Nas vacinas de ADN são inoculados vectores de ADN que codificam antigénios de determinados agentes etiológicos de doenças. As células do hospedeiro vacinado incorporam este ADN e expressam o antigénio pretendido que é assim apresentado ao sistema imunitário. Exemplos são vacinas recentes contra o vírus West Nile em equinos ou contra a necrose hematopoiética infecciosa do salmão.

São vacinas extremamente seguras, em que é possível vacinar animais muito jovens, fêmeas gestantes, etc., pois «permitem ao animal gerar uma resposta imunitária de grande qualidade», afirma Miguel Lopes Jorge, estimulando ambos os compartimentos do sistema imunitário (celular e humoral). Por outro lado, permitem resolver problemas específicos como a interferência dos anti-corpos maternais na primovacinação de animais muito jovens. Torna-se, assim, possível antecipar a data da administração da primeira dose das vacinas, um dos aspectos que hoje limita a eficácia da vacinação. Recorde-se que se numa exploração de bovinos de carne das nossas raças autóctones, os reprodutores podem viver mais de dez anos, existindo múltiplas oportunidades de vacinação, nas aviculturas intensivas produz-se um frango de carne em 35-45 dias, o que torna exíguo o tempo disponível para conceber um calendário vacinal e requer que a vacinação seja feita o mais cedo possível, por vezes in ovo.

Têm também sido conseguidos desenvolvimentos na forma de aplicação das vacinas. É importante que a aplicação seja fácil, dado o grande número de animais a vacinar. Existem sistemas de administração de vacinas através da água (no caso de aves e suínos) e mesmo por nebulização, disponível para as aves. Quando a vacinação é feita individualmente por via parenteral pode recorrer-se à administração subcutânea, intramuscular, intranasal ou deposição de gota na conjuntiva.

Alterações climáticas requerem novas vacinas

Um problema novo na temática da vacinação das populações animais é as doenças emergentes que advêm do aquecimento global.

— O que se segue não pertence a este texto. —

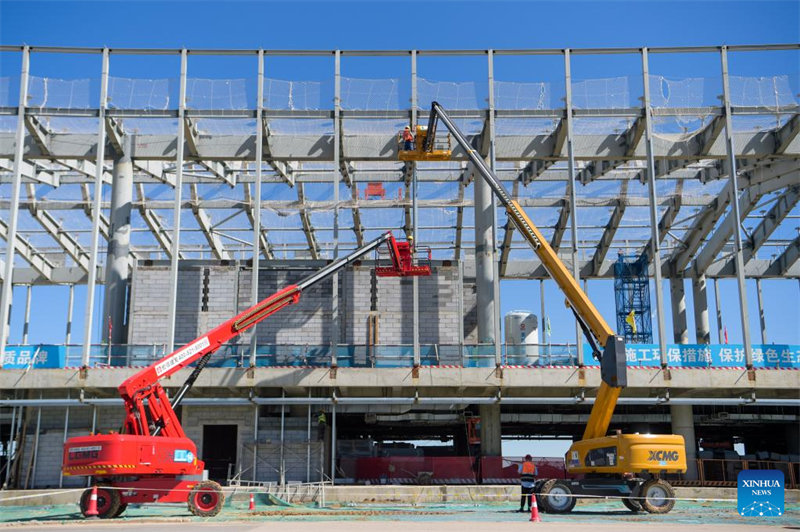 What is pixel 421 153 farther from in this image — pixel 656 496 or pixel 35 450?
pixel 35 450

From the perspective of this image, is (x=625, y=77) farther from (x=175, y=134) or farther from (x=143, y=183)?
(x=143, y=183)

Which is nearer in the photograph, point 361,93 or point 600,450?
point 600,450

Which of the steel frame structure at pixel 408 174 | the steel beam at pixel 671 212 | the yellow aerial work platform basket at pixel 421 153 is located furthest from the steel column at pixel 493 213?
the steel beam at pixel 671 212

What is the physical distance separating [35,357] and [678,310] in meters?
32.8

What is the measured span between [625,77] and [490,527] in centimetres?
2229

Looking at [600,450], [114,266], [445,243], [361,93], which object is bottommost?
[600,450]

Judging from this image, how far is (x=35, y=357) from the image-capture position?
3072 centimetres

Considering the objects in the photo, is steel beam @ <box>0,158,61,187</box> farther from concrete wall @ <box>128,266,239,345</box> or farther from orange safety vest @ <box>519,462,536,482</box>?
orange safety vest @ <box>519,462,536,482</box>

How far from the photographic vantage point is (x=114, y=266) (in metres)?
34.5

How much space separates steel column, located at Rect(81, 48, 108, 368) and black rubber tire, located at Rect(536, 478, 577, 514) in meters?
18.1

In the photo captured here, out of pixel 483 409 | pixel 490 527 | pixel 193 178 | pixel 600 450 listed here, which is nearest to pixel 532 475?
pixel 600 450

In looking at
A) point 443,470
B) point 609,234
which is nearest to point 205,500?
point 443,470

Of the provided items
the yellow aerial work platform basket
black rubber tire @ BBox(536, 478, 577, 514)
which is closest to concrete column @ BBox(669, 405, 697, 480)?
the yellow aerial work platform basket

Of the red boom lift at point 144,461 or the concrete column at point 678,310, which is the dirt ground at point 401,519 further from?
the concrete column at point 678,310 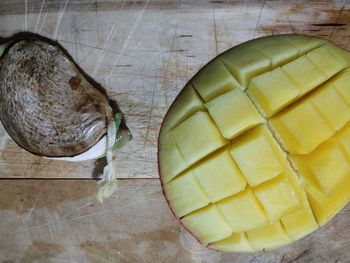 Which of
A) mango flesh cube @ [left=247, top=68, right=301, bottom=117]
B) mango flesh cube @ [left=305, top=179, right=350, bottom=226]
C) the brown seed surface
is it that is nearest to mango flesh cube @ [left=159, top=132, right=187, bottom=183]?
the brown seed surface

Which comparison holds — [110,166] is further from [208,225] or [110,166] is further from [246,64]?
[246,64]

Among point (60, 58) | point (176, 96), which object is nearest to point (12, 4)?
point (60, 58)

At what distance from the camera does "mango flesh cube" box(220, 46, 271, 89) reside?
1.74 m

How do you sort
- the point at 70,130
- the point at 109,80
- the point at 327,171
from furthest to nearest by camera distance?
the point at 109,80 → the point at 70,130 → the point at 327,171

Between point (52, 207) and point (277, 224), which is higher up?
point (277, 224)

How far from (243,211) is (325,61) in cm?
59

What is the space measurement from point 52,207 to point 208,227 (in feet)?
2.18

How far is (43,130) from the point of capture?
188 centimetres

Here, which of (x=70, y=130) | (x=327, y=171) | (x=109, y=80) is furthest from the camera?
(x=109, y=80)

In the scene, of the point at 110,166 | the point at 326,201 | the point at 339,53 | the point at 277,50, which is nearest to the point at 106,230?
the point at 110,166

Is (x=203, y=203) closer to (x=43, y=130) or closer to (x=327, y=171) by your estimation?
(x=327, y=171)

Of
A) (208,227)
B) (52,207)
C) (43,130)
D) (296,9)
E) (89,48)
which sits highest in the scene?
(296,9)

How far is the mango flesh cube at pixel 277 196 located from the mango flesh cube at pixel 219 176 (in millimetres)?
69

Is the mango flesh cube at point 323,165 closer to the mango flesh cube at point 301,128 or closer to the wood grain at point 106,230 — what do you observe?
the mango flesh cube at point 301,128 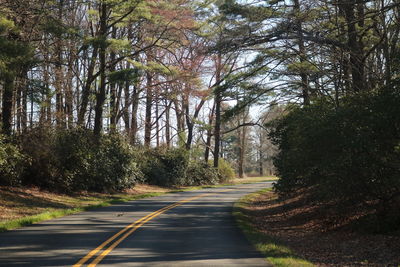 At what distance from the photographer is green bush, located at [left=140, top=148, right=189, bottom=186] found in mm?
39000

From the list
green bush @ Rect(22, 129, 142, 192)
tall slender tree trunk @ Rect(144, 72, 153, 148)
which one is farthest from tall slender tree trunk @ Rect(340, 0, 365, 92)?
tall slender tree trunk @ Rect(144, 72, 153, 148)

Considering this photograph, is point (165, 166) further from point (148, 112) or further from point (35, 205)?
point (35, 205)

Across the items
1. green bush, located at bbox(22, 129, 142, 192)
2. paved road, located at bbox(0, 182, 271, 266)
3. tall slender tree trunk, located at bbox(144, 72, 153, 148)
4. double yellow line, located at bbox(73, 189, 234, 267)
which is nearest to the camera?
double yellow line, located at bbox(73, 189, 234, 267)

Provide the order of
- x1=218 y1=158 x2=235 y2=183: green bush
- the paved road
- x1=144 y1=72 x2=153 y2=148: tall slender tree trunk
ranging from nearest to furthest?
the paved road
x1=144 y1=72 x2=153 y2=148: tall slender tree trunk
x1=218 y1=158 x2=235 y2=183: green bush

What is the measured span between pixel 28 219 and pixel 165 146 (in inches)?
1176

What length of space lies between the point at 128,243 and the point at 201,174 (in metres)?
37.7

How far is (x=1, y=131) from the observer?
821 inches

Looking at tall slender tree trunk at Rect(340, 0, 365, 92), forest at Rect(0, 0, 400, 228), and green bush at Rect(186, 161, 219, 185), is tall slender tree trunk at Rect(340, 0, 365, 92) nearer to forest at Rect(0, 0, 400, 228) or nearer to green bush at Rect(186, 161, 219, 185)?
forest at Rect(0, 0, 400, 228)

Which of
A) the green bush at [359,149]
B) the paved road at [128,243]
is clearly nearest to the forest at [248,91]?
the green bush at [359,149]

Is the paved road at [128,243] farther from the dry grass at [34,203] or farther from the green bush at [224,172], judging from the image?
the green bush at [224,172]

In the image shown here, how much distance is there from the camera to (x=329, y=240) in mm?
13172

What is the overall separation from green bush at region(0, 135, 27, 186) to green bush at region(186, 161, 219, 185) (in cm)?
2502

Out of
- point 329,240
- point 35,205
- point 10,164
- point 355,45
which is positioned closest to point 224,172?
point 10,164

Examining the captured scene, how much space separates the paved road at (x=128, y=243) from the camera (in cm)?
870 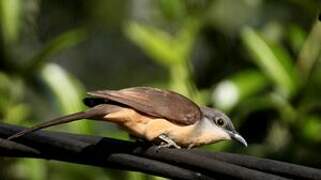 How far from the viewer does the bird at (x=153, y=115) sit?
4.37 metres

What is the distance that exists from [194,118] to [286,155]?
1422 mm

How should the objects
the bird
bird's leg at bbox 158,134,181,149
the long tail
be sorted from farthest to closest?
bird's leg at bbox 158,134,181,149
the bird
the long tail

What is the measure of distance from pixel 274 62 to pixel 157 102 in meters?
1.73

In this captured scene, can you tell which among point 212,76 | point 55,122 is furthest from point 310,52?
point 55,122

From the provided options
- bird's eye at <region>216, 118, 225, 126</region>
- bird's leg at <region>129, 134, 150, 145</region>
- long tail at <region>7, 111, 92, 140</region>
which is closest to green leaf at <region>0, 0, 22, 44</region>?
bird's eye at <region>216, 118, 225, 126</region>

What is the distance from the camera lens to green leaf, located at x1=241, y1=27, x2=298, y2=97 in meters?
6.15

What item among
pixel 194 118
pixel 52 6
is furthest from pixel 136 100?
pixel 52 6

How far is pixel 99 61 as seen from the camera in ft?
29.8

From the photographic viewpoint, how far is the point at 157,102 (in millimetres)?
4570

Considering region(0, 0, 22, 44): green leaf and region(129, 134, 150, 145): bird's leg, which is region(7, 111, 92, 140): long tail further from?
region(0, 0, 22, 44): green leaf

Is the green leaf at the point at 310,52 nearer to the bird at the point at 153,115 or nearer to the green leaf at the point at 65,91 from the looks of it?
the green leaf at the point at 65,91

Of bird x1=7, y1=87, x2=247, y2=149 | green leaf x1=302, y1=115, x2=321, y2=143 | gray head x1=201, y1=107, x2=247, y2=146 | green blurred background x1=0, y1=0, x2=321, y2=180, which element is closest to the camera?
bird x1=7, y1=87, x2=247, y2=149

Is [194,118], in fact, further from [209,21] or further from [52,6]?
[52,6]

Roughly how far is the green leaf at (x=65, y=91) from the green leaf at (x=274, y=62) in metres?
0.95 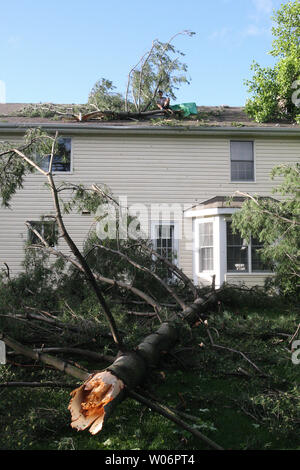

Um exemplo é a língua azul, doença endémica na África Subsariana transmitida por insectos vectores que afecta espécies ruminantes. Chegou à Península Ibérica no final da década de 90 e actualmente já foram confirmados casos na Noruega.
Esta epidemia apanhou a Europa desprevenida, sem vacinas eficazes para a combater, pois as poucas existentes, produzidas na África do Sul, eram vacinas vivas atenuadas que levantavam problemas ao trânsito intra-comunitário dos animais.
Num processo mais rápido que o habitual – os requisitos de segurança impostos pela legislação europeia leva a um desfasamento de 8-10 anos desde o aparecimento de uma nova doença até à disponibilização comercial da respectiva vacina no mercado – em três anos foi desenvolvida uma vacina inactivada eficaz contra a língua azul, e após outros dois anos, Bruxelas concedeu uma autorização especial à sua utilização. «Foram encurtados alguns passos para fazer face a uma doença que tem um impacto económico relevante», explica Miguel Lopes Jorge.
«Cada vez vai haver mais epidemias de doenças que tenham insectos vectores envolvidos no seu ciclo epidemiológico», alerta Virgílio Almeida. «É um desafio muito complexo, ao qual a comunidade científica europeia e mundial tem que saber dar resposta para desenvolver vacinas eficazes contra estas doenças».

Especificidades portuguesas

Enquanto membro da UE, Portugal rege-se pelas regras comunitárias no que respeita à vacinação. Com algumas excepções. A primeira refere-se à grande diversidade de raças de ruminantes como a barrosã, a alentejana, a mirandesa ou a mertolenga, associadas a produtos comercializados com denominação de origem protegida. A segunda especificidade, neste caso da Península Ibérica, diz respeito ao porco preto.
Em ambos os casos, o modelo de produção é extensivo, o que aumenta a exposição dos animais a agentes etiológicos que possam ser veiculados por insectos vectores, aves migratórias, roedores e outros hospedeiros reservatórios selvagens, fontes de água (water borne diseases), etc., e implica ajustamentos específicos nos calendários de vacinação. Nomeadamente, o conhecimento actualizado das doenças mais frequentes nestes ecossistemas, disponibilidade de vacinas e análises custo/benefício da sua administração.